Fetch the complete documentation index at: https://docs.artnex.app/llms.txt

Use this file to discover all available pages before exploring further.

Voice Cloning lets you capture the characteristics of a real voice from an uploaded audio sample and use it to speak any text you write. The cloned voice preserves the tone, cadence, and timbre of the original, producing output that sounds like the source speaker. Go to Tools > Audio > VoiceZen > Voice Cloning.

Clone a voice

1

Upload a voice sample

Click Upload Audio and select your reference audio file. Accepted formats are MP3 and WAV only — other formats are not supported.
Only MP3 and WAV files are accepted. Uploading a different format will produce an error and the file will not be processed.
For the best results, your sample should:
  • Be at least a few seconds of clear, uninterrupted speech
  • Contain a single speaker with no background music or noise
  • Be recorded at a consistent volume without clipping or distortion
  • Use a clean WAV or high-quality MP3 (128 kbps or higher)
2

Enter the text to speak

Type the text you want the cloned voice to say into the text field.
3

Select a language

Choose the output language from the language dropdown. Supported languages include Arabic, Chinese, Danish, Dutch, English, Finnish, French, German, Greek, Hebrew, Hindi, Italian, Japanese, Korean, Portuguese, Russian, Spanish, and Turkish.
4

Adjust advanced settings (optional)

Click Settings to fine-tune the generation:
  • Exaggeration (0.25–2.0) — Controls how expressive and dramatic the speech delivery is. Lower values are neutral; higher values amplify emotion.
  • Temperature (0.05–5.0) — Controls randomness. Lower values produce more predictable, consistent output. Higher values introduce more variation.
  • CFG Weight (2–10) — How closely the output follows the voice characteristics. A value of 0.5 gives balanced results.
  • Seed — Enter a specific seed to reproduce an exact output. Set to 0 for a random result each time.
5

Generate

Click Create. The tool uploads your audio sample, processes the voice, and generates the cloned speech. This may take longer than standard TTS — allow up to 30 seconds.
6

Download

Click the download button on the audio player to save your result as a WAV file.

Credit cost

Voice Cloning costs 500 credits per generation.

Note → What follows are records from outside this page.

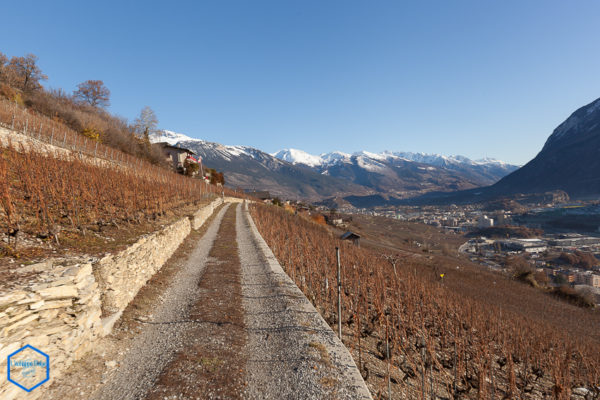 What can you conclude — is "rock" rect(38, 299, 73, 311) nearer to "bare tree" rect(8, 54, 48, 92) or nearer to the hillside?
the hillside

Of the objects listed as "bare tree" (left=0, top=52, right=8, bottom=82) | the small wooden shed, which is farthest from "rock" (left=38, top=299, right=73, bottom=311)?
"bare tree" (left=0, top=52, right=8, bottom=82)

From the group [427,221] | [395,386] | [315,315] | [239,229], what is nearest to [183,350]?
[315,315]

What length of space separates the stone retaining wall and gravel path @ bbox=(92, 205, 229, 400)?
95 centimetres

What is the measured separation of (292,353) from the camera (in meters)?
6.08

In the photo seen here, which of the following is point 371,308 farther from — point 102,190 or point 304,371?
point 102,190

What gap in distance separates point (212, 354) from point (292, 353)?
1.86 m

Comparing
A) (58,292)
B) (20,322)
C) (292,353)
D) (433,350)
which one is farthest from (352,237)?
(20,322)

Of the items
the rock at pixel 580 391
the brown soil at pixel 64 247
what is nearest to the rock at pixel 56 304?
the brown soil at pixel 64 247

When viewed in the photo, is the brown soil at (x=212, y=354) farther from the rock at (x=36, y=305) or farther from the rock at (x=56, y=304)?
the rock at (x=36, y=305)

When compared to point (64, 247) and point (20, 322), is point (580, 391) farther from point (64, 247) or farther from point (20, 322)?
point (64, 247)

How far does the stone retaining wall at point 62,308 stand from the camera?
4.27m

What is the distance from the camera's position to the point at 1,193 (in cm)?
755

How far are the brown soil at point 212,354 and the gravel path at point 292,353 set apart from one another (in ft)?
1.05

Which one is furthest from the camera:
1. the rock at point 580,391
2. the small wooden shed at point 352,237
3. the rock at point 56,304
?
the small wooden shed at point 352,237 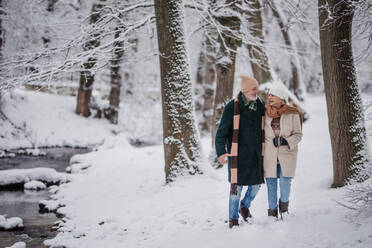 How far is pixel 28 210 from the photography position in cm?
631

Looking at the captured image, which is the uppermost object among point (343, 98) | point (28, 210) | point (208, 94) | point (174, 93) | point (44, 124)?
point (208, 94)

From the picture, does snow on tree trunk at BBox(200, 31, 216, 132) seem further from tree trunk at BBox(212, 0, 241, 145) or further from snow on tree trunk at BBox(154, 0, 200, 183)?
snow on tree trunk at BBox(154, 0, 200, 183)

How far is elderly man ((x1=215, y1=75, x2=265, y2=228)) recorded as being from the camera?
3750 millimetres

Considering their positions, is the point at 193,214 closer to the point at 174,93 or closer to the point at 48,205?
the point at 174,93

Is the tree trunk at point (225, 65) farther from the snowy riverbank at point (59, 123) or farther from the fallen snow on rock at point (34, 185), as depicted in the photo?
the snowy riverbank at point (59, 123)

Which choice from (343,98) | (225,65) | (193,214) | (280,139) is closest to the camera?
(280,139)

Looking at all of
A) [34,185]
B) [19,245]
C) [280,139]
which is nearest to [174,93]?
[280,139]

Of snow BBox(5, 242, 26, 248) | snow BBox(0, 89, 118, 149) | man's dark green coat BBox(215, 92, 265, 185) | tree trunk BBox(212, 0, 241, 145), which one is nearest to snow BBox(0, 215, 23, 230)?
snow BBox(5, 242, 26, 248)

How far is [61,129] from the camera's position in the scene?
15453mm

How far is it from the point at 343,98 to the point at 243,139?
6.37 ft

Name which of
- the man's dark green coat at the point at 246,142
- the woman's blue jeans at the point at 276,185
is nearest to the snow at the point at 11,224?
the man's dark green coat at the point at 246,142

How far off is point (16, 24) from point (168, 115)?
1081 centimetres

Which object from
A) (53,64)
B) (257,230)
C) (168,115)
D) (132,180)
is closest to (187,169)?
(168,115)

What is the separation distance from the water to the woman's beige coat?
3.45 metres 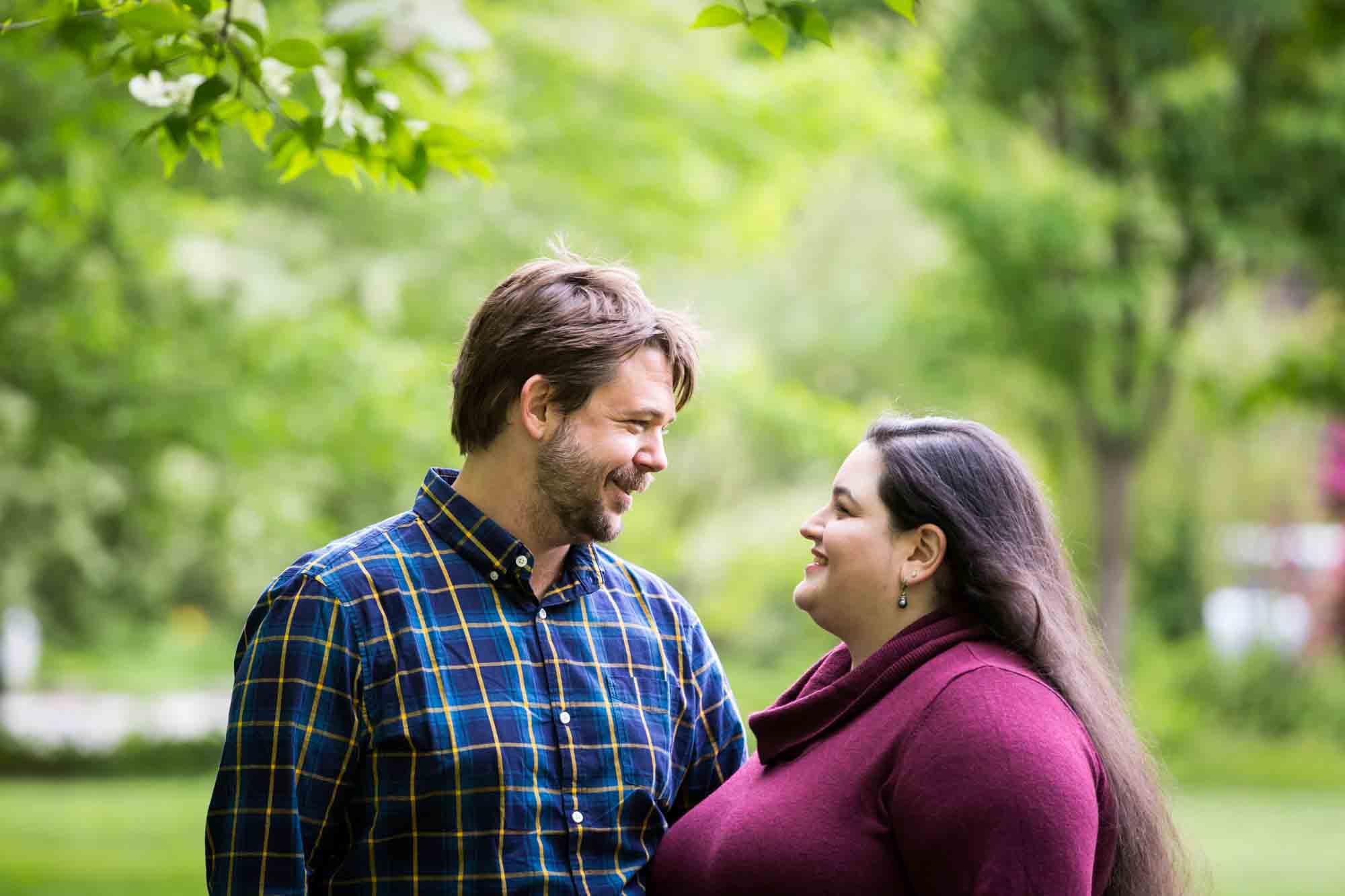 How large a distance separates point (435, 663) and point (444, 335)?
6.74 m

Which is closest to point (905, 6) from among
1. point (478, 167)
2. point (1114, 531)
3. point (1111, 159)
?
Answer: point (478, 167)

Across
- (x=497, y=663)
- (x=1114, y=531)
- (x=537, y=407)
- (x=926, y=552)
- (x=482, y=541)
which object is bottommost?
(x=497, y=663)

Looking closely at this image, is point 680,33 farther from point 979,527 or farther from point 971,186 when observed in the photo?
point 979,527

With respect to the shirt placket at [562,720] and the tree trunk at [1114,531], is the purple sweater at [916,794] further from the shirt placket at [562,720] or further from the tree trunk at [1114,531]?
the tree trunk at [1114,531]

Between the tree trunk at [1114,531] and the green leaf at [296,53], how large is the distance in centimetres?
1201

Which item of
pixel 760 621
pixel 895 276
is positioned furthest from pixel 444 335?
pixel 760 621

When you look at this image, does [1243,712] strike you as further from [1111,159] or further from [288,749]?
[288,749]

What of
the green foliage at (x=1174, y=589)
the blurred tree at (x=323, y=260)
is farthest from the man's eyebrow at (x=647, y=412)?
the green foliage at (x=1174, y=589)

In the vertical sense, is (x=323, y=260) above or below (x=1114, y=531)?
above

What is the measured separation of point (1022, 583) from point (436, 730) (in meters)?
1.09

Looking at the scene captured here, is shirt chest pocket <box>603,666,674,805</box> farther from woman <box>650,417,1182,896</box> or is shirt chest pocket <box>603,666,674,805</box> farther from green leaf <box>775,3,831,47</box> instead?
green leaf <box>775,3,831,47</box>

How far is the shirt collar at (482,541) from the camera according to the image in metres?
2.93

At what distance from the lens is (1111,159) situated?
41.4 feet

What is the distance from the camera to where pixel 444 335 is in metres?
9.36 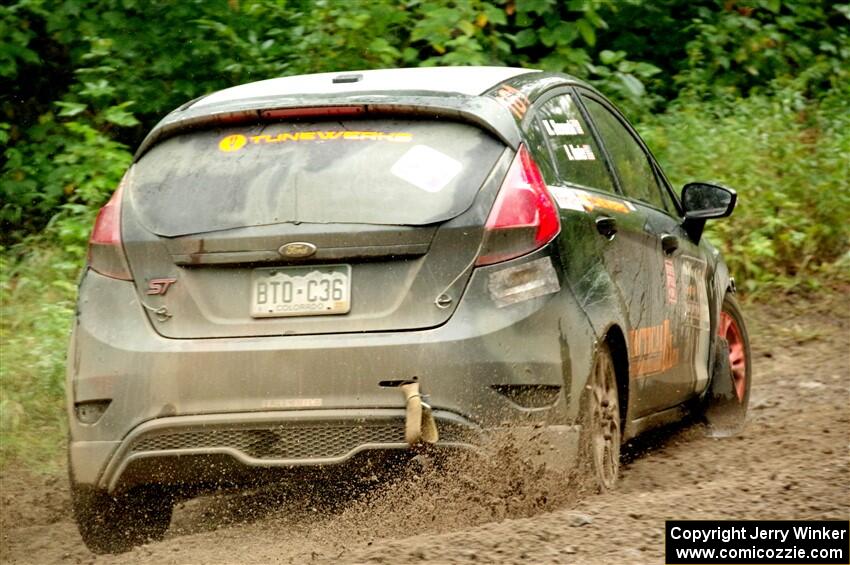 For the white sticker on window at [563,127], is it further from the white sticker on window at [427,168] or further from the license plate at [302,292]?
the license plate at [302,292]

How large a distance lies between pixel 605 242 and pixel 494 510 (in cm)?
110

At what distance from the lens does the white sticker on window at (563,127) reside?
17.8 ft

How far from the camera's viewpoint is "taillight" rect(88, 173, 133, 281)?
16.3 feet

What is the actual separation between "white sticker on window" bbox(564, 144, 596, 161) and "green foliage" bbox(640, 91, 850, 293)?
457 centimetres

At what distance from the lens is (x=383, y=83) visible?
5.29 m

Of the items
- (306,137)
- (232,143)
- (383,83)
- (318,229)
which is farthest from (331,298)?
(383,83)

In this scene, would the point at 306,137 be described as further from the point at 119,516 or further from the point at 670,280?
the point at 670,280

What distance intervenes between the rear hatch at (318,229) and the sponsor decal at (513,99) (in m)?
0.23

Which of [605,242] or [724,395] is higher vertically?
[605,242]

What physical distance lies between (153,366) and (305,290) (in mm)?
527

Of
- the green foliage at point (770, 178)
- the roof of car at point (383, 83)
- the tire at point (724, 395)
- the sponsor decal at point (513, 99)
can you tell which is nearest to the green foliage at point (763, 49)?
the green foliage at point (770, 178)

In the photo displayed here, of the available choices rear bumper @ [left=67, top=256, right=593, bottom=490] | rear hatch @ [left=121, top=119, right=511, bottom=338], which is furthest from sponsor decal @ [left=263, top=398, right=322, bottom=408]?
rear hatch @ [left=121, top=119, right=511, bottom=338]

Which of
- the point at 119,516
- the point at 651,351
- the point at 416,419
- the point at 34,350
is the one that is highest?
the point at 416,419

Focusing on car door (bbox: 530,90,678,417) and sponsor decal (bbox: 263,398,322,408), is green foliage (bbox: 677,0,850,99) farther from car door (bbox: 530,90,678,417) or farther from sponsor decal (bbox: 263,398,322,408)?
sponsor decal (bbox: 263,398,322,408) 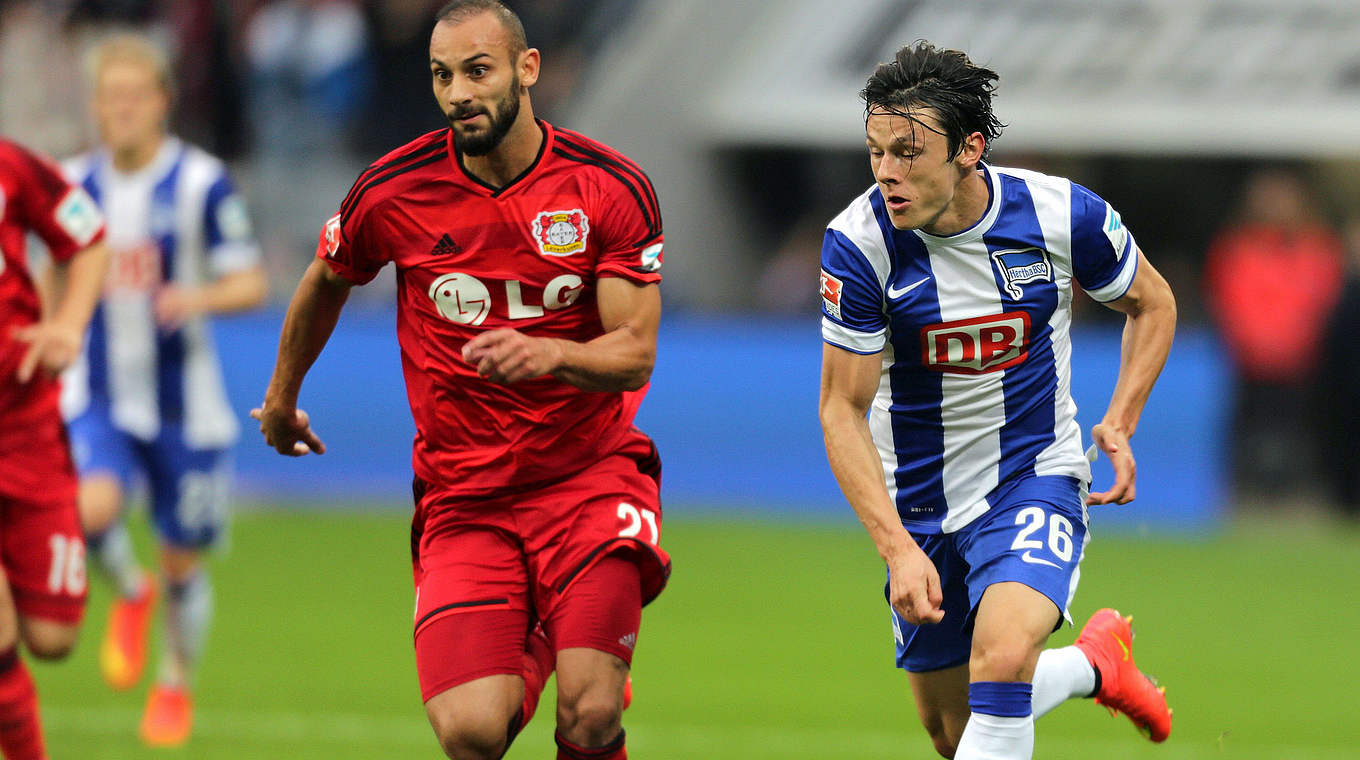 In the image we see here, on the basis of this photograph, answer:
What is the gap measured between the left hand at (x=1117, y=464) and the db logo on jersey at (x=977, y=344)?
329 mm

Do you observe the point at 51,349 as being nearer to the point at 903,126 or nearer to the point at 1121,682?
the point at 903,126

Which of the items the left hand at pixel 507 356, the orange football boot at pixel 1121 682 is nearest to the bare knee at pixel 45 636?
the left hand at pixel 507 356

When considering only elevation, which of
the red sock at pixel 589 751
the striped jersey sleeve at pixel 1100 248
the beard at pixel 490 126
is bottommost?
the red sock at pixel 589 751

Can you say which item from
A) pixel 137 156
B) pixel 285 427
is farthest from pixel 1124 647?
pixel 137 156

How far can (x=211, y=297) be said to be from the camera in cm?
814

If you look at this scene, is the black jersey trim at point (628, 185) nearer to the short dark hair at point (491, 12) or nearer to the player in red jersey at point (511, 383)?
the player in red jersey at point (511, 383)

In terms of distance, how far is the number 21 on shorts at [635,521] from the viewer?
18.5 feet

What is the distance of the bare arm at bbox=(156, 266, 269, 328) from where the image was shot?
797cm

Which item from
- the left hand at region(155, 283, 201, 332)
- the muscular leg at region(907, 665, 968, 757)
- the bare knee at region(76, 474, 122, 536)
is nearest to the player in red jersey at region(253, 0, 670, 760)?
the muscular leg at region(907, 665, 968, 757)

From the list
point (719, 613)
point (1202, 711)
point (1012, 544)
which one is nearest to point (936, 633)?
point (1012, 544)

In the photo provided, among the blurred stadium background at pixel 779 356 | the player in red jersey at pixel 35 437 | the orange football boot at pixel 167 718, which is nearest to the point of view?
the player in red jersey at pixel 35 437

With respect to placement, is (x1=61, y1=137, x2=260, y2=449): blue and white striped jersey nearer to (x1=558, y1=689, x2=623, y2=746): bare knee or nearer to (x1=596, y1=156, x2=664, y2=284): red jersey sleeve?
(x1=596, y1=156, x2=664, y2=284): red jersey sleeve

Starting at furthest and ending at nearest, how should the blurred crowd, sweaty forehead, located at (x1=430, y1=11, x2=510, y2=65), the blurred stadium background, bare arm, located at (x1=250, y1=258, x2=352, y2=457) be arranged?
the blurred crowd
the blurred stadium background
bare arm, located at (x1=250, y1=258, x2=352, y2=457)
sweaty forehead, located at (x1=430, y1=11, x2=510, y2=65)

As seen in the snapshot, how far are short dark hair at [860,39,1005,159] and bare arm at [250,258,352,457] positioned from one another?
1634 millimetres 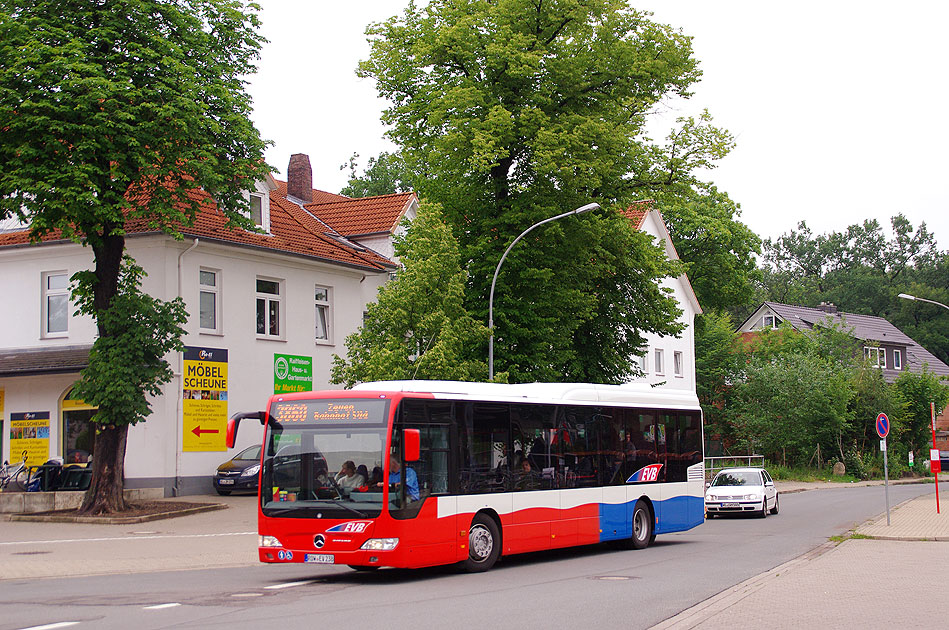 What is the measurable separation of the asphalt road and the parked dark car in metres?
12.5

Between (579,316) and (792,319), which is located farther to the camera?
(792,319)

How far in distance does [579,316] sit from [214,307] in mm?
10912

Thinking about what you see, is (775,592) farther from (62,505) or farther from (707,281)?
(707,281)

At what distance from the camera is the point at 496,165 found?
94.7 feet

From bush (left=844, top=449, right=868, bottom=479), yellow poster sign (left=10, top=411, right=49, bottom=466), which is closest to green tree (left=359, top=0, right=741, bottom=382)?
yellow poster sign (left=10, top=411, right=49, bottom=466)

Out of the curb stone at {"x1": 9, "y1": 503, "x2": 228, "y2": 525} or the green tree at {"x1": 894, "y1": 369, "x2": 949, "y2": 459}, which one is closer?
the curb stone at {"x1": 9, "y1": 503, "x2": 228, "y2": 525}

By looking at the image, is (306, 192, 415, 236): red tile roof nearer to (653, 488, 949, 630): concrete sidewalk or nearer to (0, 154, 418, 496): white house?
(0, 154, 418, 496): white house

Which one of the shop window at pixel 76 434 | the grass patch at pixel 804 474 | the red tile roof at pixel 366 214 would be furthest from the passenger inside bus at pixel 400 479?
the grass patch at pixel 804 474

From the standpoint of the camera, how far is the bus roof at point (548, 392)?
48.4 ft

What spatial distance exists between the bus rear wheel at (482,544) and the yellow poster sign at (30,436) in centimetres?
1990

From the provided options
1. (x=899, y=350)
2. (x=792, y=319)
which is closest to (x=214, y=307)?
(x=792, y=319)

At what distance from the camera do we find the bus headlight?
13.4 metres

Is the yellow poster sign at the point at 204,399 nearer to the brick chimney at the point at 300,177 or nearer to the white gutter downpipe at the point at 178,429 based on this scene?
the white gutter downpipe at the point at 178,429

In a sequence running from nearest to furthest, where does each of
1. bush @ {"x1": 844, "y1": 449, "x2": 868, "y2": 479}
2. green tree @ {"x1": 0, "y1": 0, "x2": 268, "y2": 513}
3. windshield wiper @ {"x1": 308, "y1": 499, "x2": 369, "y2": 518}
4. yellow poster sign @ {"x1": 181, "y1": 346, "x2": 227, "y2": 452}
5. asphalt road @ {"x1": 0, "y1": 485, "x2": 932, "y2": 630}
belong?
asphalt road @ {"x1": 0, "y1": 485, "x2": 932, "y2": 630}
windshield wiper @ {"x1": 308, "y1": 499, "x2": 369, "y2": 518}
green tree @ {"x1": 0, "y1": 0, "x2": 268, "y2": 513}
yellow poster sign @ {"x1": 181, "y1": 346, "x2": 227, "y2": 452}
bush @ {"x1": 844, "y1": 449, "x2": 868, "y2": 479} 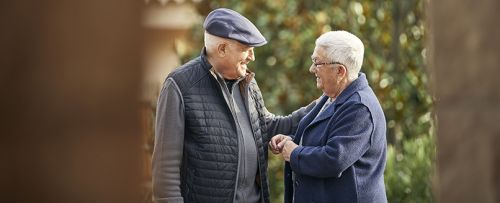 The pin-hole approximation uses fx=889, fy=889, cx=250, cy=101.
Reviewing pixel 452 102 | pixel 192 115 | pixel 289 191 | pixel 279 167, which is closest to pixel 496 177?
pixel 452 102

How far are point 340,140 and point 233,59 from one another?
0.48 metres

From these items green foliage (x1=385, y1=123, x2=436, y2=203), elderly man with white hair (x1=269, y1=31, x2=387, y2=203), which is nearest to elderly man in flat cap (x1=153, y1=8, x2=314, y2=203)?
elderly man with white hair (x1=269, y1=31, x2=387, y2=203)

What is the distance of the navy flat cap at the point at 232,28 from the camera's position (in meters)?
3.17

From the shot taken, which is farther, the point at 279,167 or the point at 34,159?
the point at 279,167

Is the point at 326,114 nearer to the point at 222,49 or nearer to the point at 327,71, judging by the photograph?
the point at 327,71

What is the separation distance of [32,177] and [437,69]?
0.29 meters

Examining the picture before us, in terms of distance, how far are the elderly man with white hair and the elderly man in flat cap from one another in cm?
17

Tips for clean audio samples

A short, clean sample consistently outperforms a long, noisy one. Prioritize audio quality over duration.
  • Record in a quiet room with soft furnishings to reduce echo
  • Use a dedicated microphone rather than a phone or laptop mic when possible
  • Avoid samples with background music, reverb, or crowd noise
  • Keep the speaker’s mouth close to the microphone and at a steady distance
  • Remove long silences or multiple speakers before uploading

Use cases

Personalized content

Create narration in your own voice for videos, courses, or presentations without re-recording every time you update the script.

Accessibility tools

Generate audio for written content in a familiar voice to help users who benefit from personalised audio delivery.

Creative projects

Produce character voices for games, audiobooks, animations, or interactive fiction using voice samples as a starting point.

Localization

Combine voice cloning with language selection to produce multilingual versions of content while preserving voice identity.

Responsible use

Voice Cloning is a powerful tool that carries ethical responsibilities. Only clone voices you have explicit permission to replicate. Do not use this feature to impersonate individuals without their consent, create deceptive content, or generate audio intended to mislead or defraud. Misuse may violate Artnex’s Terms of Service and applicable laws.